Using the word "control" as the filter, copy each matching line from the records.
*** Records to process ***
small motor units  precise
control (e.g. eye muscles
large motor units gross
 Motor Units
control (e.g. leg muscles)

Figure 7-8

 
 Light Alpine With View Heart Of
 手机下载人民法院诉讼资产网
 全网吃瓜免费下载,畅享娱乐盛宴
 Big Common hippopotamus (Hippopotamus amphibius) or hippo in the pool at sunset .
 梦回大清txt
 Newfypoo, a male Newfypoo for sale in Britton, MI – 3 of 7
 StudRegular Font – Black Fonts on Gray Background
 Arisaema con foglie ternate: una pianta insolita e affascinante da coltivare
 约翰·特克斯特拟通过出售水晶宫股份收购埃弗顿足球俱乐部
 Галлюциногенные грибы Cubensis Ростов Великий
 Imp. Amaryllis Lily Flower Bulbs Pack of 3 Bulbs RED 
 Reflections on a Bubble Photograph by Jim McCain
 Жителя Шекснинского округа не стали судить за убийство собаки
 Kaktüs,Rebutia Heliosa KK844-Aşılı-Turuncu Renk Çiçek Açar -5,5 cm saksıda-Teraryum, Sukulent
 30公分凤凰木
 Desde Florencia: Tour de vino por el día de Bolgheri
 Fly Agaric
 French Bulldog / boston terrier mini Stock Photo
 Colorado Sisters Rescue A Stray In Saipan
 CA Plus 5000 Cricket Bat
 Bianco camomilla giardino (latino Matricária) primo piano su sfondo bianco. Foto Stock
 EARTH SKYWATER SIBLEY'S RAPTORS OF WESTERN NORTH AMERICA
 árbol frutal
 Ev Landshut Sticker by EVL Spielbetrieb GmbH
*** End of Records to process ***
(Output for this exercise)
control (e.g. eye muscles
control (e.g. leg muscles)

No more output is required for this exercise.